Au-delà de cette parodie de négociation, il faut revenir sur la stratégie économique qui est mise en
oeuvre : le coût du travail trop élevé pénaliserait la compétitivité des entreprises et les dissuaderaient
d’embaucher. La baisse du coût du travail devient donc, dans ce cadre, le passage obligé de la
politique économique. C’est l’objectif de la suppression des cotisations familiales employeurs.

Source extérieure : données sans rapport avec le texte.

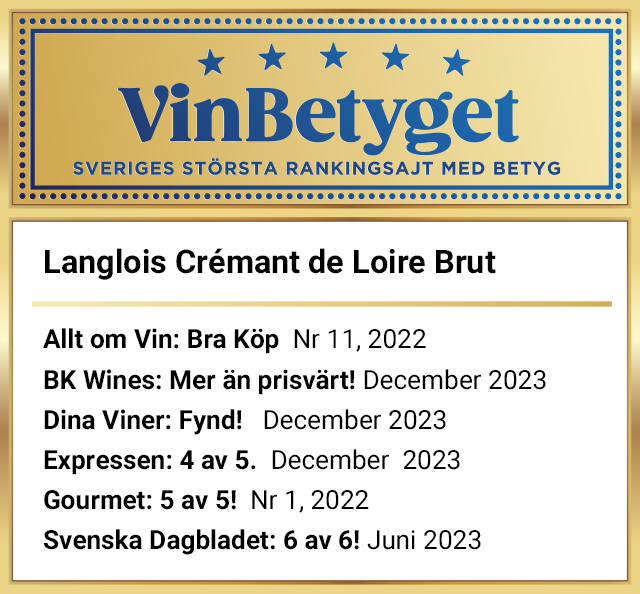 Vin betyg: Langlois Crémant de Loire Brut Réserve (art nr 7404)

Remarquons d’abord que cette suppression se traduira par une baisse minime des coûts de production1,
de l’ordre de 1,2 %. En supposant même que cette baisse des coûts soit entièrement transférée sur les
prix, comment croire que cela pourra réellement améliorer la compétitivité des entreprises ? Qui peut
penser qu’une baisse de prix de cet ordre permettra aux entreprises de gagner des parts de marché ?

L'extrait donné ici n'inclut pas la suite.